• _PROMPT_:
Using the data below, return word for word every line from the one holding "SMAR RIO-700-D3 MODULE" down to the one holding "PC Gamer RTX 5070 i5 14400f". Leave pictures out.

• _Items from a data source_:
"""

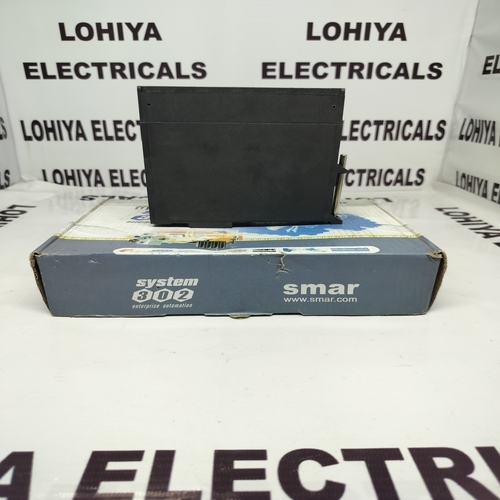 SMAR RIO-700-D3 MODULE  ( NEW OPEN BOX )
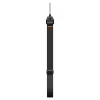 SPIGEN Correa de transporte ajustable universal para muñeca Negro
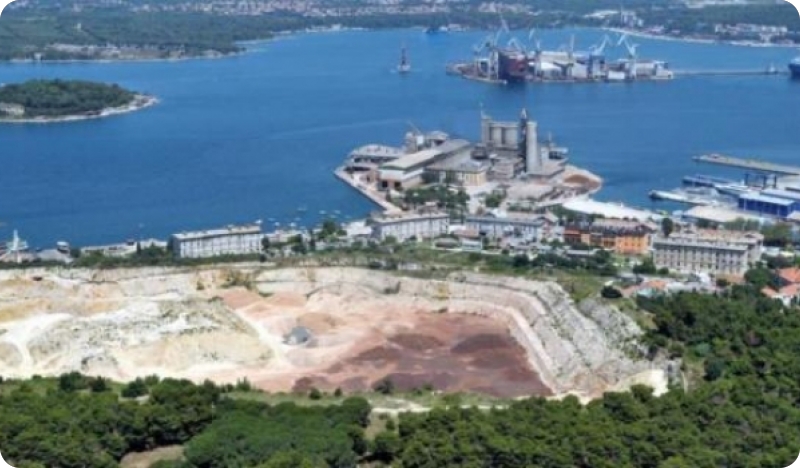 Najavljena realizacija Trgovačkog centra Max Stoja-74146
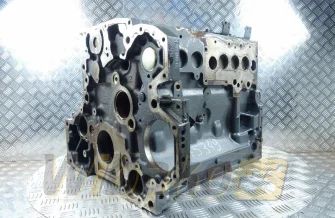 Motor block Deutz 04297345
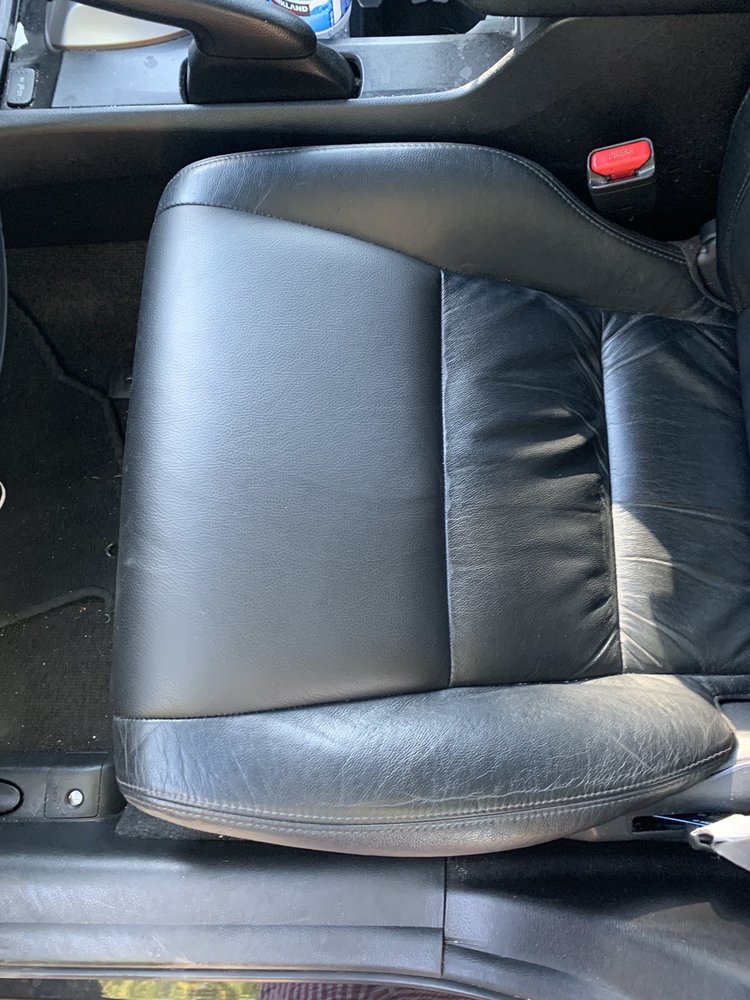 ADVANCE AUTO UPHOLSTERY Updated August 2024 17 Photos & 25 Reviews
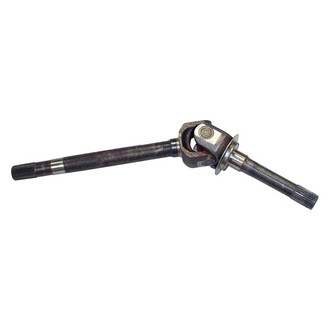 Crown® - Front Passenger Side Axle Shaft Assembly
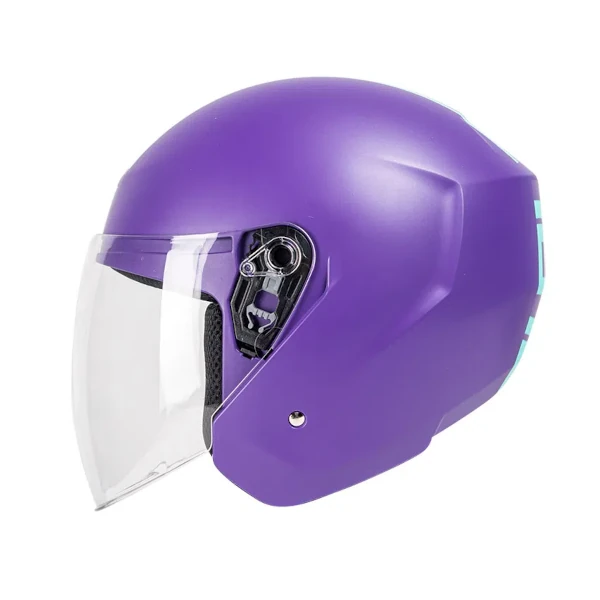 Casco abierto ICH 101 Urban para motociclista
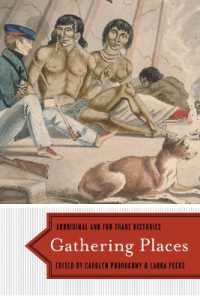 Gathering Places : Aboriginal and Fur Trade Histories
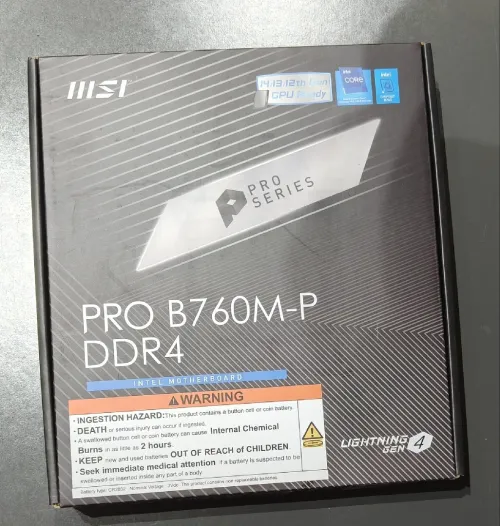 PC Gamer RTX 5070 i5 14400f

"""
"""

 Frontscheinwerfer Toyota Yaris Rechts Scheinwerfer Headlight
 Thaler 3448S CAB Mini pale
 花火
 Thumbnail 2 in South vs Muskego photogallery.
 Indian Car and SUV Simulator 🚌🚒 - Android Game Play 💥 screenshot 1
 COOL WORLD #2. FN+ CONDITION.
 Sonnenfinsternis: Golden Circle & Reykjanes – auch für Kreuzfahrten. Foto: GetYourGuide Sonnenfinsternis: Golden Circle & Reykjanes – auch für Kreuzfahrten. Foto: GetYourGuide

"""

• _ANSWER TO THIS TASK_:
 SMAR RIO-700-D3 MODULE  ( NEW OPEN BOX )
 SPIGEN Correa de transporte ajustable universal para muñeca Negro
 Najavljena realizacija Trgovačkog centra Max Stoja-74146
 Motor block Deutz 04297345
 ADVANCE AUTO UPHOLSTERY Updated August 2024 17 Photos & 25 Reviews
 Crown® - Front Passenger Side Axle Shaft Assembly
 Casco abierto ICH 101 Urban para motociclista
 Gathering Places : Aboriginal and Fur Trade Histories
 PC Gamer RTX 5070 i5 14400f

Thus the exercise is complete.